A Figura 3 mostra um micrografo eletrônico de transmissão de uma ferida córnea criada com o taco de golfe sem corte, demonstrando que a membrana do porão epitelial está de fato intacta após a lesão.

Figure 3
Figura 3: A membrana do porão epitelial permanece intacta após a abrasão da córnea. Micrografia eletrônica de transmissão de uma ferida córnea criada com o taco de golfe sem corte spud. As pontas das flechas apontam para a membrana do porão sob o epitélio restante em torno da ferida, enquanto as flechas apontam para a membrana do porão na área desnudada. Isso mostra a continuidade da membrana do porão desde as porções não abradas da córnea, demonstrando que a membrana do porão é deixada intacta após o debridamento. Clique aqui para ver uma versão maior desta figura.

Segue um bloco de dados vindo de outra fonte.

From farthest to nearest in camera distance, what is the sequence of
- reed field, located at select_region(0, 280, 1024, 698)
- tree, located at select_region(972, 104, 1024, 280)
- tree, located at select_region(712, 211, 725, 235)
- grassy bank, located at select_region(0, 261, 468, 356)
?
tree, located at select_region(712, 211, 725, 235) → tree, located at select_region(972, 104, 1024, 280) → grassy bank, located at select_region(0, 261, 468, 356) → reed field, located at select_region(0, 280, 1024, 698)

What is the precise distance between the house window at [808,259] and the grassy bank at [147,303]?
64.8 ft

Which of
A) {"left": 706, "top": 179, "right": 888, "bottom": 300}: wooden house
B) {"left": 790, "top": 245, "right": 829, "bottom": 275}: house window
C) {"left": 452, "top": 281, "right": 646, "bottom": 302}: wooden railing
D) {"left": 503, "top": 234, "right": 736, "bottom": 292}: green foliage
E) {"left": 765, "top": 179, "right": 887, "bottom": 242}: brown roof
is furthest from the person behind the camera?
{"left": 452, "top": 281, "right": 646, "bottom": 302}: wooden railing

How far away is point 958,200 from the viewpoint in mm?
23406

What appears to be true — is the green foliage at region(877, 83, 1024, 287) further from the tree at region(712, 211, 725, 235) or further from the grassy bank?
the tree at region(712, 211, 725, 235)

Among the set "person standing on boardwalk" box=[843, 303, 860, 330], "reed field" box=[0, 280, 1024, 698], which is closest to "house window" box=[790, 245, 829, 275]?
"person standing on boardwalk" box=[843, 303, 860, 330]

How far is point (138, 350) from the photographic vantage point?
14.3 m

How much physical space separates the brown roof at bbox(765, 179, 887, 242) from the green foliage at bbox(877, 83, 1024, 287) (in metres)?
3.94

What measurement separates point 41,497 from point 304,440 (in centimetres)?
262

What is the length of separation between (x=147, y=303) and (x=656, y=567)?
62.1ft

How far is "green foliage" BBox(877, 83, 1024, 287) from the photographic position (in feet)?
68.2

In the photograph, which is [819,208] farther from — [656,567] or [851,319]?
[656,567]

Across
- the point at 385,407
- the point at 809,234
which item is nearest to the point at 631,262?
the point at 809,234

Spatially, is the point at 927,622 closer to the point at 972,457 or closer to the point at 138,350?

Este protocolo de ferimentos na córnea tem sido usado para caracterizar extensivamente a dinâmica de cicatrização da ferida para uma ferida de abrasão epitelialde 2 mm 27,28,29,30,31,32,33. A capacidade de monitorar a taxa de fechamento de feridas e re-epitelialização in vivo é uma parte central deste modelo. Como mostrado na Figura 4A, o uso de solução de fluoresceína e um microscópio digital com uma fonte de luz azul permite a visualização do tamanho da ferida. Neste modelo, o monitoramento do fechamento da ferida é realizado no momento do ferimento (0h), 12h, 18h, 24h e 30h após ferimento. A Figura 4B mostra a cinética do fechamento da ferida mais de 30 h. Em camundongos C57BL/6 de 8-12 semanas de idade, o fechamento da ferida e a re-epitelialização são tipicamente completos 24 horas após o ferimento ilustrado na Figura 4B e uma resposta inflamatória bem regulamentada é fundamental para uma cicatrização eficiente da ferida 34,35,36.

Figure 4
Figura 4: O fechamento da ferida epitelial foi avaliado utilizando-se a coloração de fluoresceína. (A) Imagens representativas da coloração da ferida da córnea às 0h, 12h, 18h, 24 h e 30h. Neste modelo, o fechamento da ferida é tipicamente completo 24 horas após o ferimento. Note a falta de manchas verdes na córnea central às 24h e 30 h. (B) Cinética de fechamento da ferida indicando fechamento completo da ferida em 24h após o ferimento. O valor em cada ponto de tempo é expresso em percentagem da área original da ferida (ou seja, área de ferida a 0h) (n ≥ 6). Os dados apresentados como média ± desvio padrão. Clique aqui para ver uma versão maior desta figura.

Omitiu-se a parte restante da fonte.